The final score, however, proved the line makers' ability to judge public sentiment right again. After all, N.C. State was willing to run with UNC on Saturday and that hasn't been the preferred method in emerging victorious against the Tar Heels.
UNC's resume-building nonconference wins came against teams that all average over 70 possessions per game – Louisville (70.8, 107th), Michigan State (71.2, 90th) and Kentucky (71.0, 98th). The Tar Heels averaged 84.7 points in those victories, shooting 48.9 percent and totaling 44 fast break points.
Three of UNC's four ACC losses have come against teams that average 65 or fewer possessions per game – Miami (62.2, 350th), Syracuse (63.1, 347th) and Virginia (64.8, 339th). In those losses, the Tar Heels averaged 54 points on 36.9 percent shooting while scoring a total of 16 points in transition.
There are exceptions in the pace trend – UNC forced tempo against plodding Clemson by holding the Tigers to 23.1 percent shooting in the first half yet lost to up-tempo teams Belmont and Texas by missing a combined 49 free throws – but the results have been rather consistent. The more you can slow the pace against the Tar Heels, the better your chance of winning.
Which brings us back to N.C. State. The Wolfpack averages 69.3 possessions per game (184th) and was more than willing to run with the Tar Heels. That willingness proved fatal as UNC took a 40-23 lead into halftime.
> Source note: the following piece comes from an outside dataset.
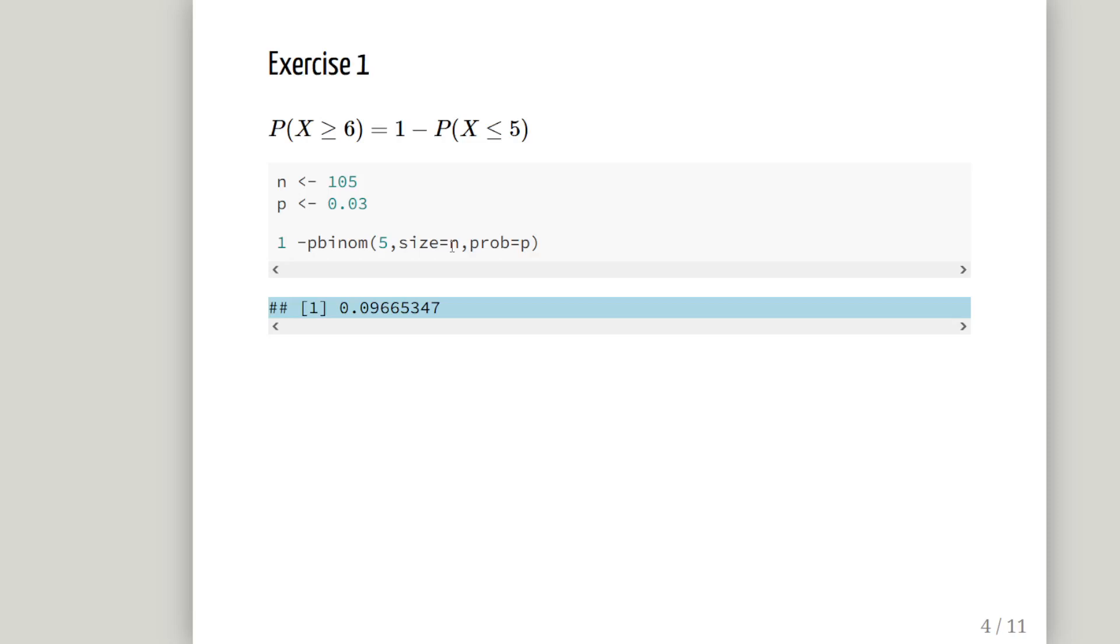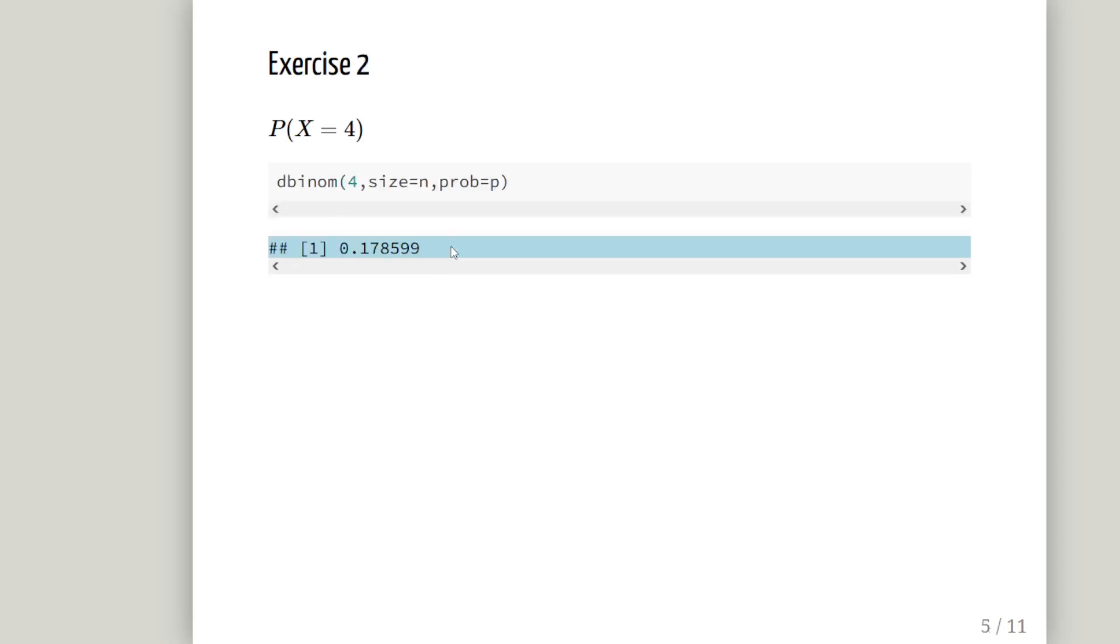Now just remember that the binomial distribution is a discrete random variable. It's a discrete distribution. So you have to factor that in when you're calculating complements. So it's different for discrete random variables and continuous random variables. The probability of X being greater than or equal to 6 is 0.09665347. So this means that there's a 9.6% chance that we do not have 100 working components in a batch.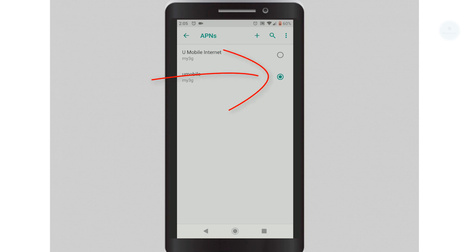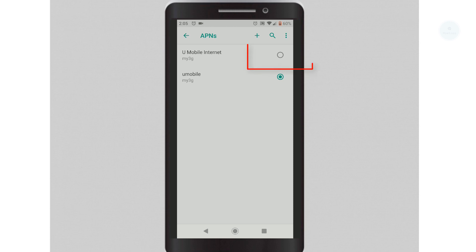Make sure you have selected the new APN profile. This will ensure that the phone will be using the APN profile that you have just set. You can always switch back to your old APN profile by using the selector.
"We're not the most gifted offensive team," sophomore guard Marcus Paige said. "We can't just get an automatic bucket. We don't have a Harrison Barnes that we can just throw it to on the wing and say give us a bucket or a Tyler Zeller in the post that can shoot a jump hook over anybody. So to get the tempo in our favor helps take pressure off our halfcourt offense and I think it helps us defensively as well."
In the first half, UNC totaled 39 possessions, scoring 21 times with a 1.026 points-per-possession average. N.C. State had the ball for 37 possessions, but only scored on 11 of them, good for a .622 points-per-possession average.
Possession length provided some insight. UNC's ability to push the tempo – despite forcing a handful of shots and missing numerous point-blank attempts – allowed for a 12-seconds-per-possession average. N.C. State had to work out of its halfcourt set more often, as evidenced by its 20-seconds-per-possession average.
UNC shot 42.4 percent (14-of-33) in the first half compared to N.C. State's 25.0 percent effort (10-of-40).
The Tar Heels finished 84 points on 78 possessions, although defensive breakdowns served as a balance for UNC's desire to run clock late in the game. The Wolfpack cut its deficit to 13 points midway through the second half, but UNC delivered an efficiently flurry of offense – scoring 13 points in less than three minutes – to push the lead back to 22 points.
"I think a lot of that starts on the defensive end, just getting stops and getting out in transition where we're really good," junior forward James Michael McAdoo said. "I feel like that's what Coach wants us to do and that's what our offense is built for. When we're out there running and getting stops, everything just runs more smoothly and when we're getting stops, I feel like that weathers other teams' runs a lot better."
High tempo is a staple of Williams's system, but for a team lacking the ability to overwhelm its opponents with immense talent, it's absolutely critical.
Look no further than the point differential between UNC's wins and losses in ACC play. The Tar Heels are averaging 57.5 points per game in their four losses, compared to a 81.0 points-per-game average in their four wins.